Exercise aim » An acceptable response holds only the line containing "Стул для сада из пластиковой бочки" and every line after it to the end of the records, each reproduced exactly.
+++++
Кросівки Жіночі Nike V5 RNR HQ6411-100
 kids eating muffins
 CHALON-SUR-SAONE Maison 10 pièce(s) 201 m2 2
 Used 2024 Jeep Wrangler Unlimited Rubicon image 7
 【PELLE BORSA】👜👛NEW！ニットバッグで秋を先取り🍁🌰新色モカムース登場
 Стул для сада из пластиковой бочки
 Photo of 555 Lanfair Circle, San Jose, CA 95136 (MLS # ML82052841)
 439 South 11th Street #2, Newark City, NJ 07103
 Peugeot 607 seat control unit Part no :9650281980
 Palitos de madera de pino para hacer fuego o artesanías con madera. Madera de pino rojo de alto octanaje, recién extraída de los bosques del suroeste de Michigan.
+++++
Response »
 Стул для сада из пластиковой бочки
 Photo of 555 Lanfair Circle, San Jose, CA 95136 (MLS # ML82052841)
 439 South 11th Street #2, Newark City, NJ 07103
 Peugeot 607 seat control unit Part no :9650281980
 Palitos de madera de pino para hacer fuego o artesanías con madera. Madera de pino rojo de alto octanaje, recién extraída de los bosques del suroeste de Michigan.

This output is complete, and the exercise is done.